Google's advantages over Microsoft in leveraging the Internet to make money and attract users are well documented, but there is one area Google isn't playing in where Microsoft seems to have Google beaten: rich media applications.
Microsoft March 5 took its Silverlight rich Web app into its second beta. High-tech media and analysts love to position Silverlight as an alternative to Adobe's Flash technology, found on 98 percent of browsers worldwide.
If Microsoft could corral just a slice of the market Flash commands in this age of AJAX and rich Web apps, it would stand to make some serious cash in the Internet economy that Google aims to rule.
Google, art thou lost at sea? Is there a rich Web application in the works, perhaps code-named Gash or Googlelight?

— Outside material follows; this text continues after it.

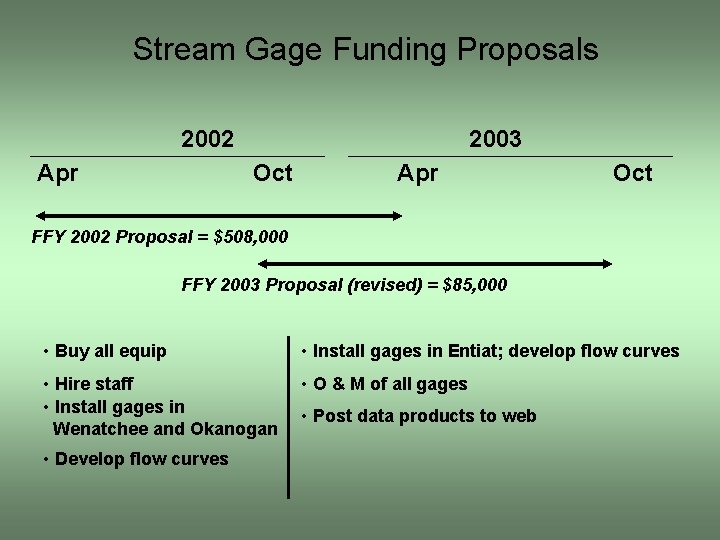 Stream Gage Funding Proposals 2002 Apr 2003 Oct Apr Oct FFY 2002 Proposal =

Or do you deal for Adobe to corner the market in one fell swoop?
A Google spokesperson provided eWEEK with its stock answer to questions about future plans, noting that its mission is to make all the world's information universally accessible. "We are constantly innovating to continue to deliver on our mission, but we have nothing specific to announce at this time."
The lack of an outright denial is conspicuous, suggesting that the search and applications maker has something up its sleeve. eWEEK polled some experts who follow the rich Web app space.
Gartner analyst Ray Valdes told eWEEK Google has purchased companies in image processing and graphics that could provide rich Web app capabilities.
For example, Google acquired Keyhole as the foundation for Google Earth, later adding SketchUp for 3-D modeling. The company also nabbed photo mapping provider Panoramio and graphic visualization tool Gapminder.
These technologies and the engineers associated with them, coupled with Google's close ties to the Firefox browser community, give Google the means to create a Silverlight killer.
Valdes said Microsoft created Silverlight as a lightweight alternative to its own Windows Presentation Foundation, which he said has been a tough swallow for many enterprises. His point is that Google should strike now while Microsoft scrambles to bring Silverlight to market.
"If they are at all on the ball, they're not going to let a competitor gain an advantage here unnecessarily," Valdes said. "You could even make the case that if they don't respond, heads should roll later."
Forrester Research analyst Jeffrey Hammond told eWEEK that while he's seen no evidence Google is preparing an answer to Silverlight, he wouldn't bet against it.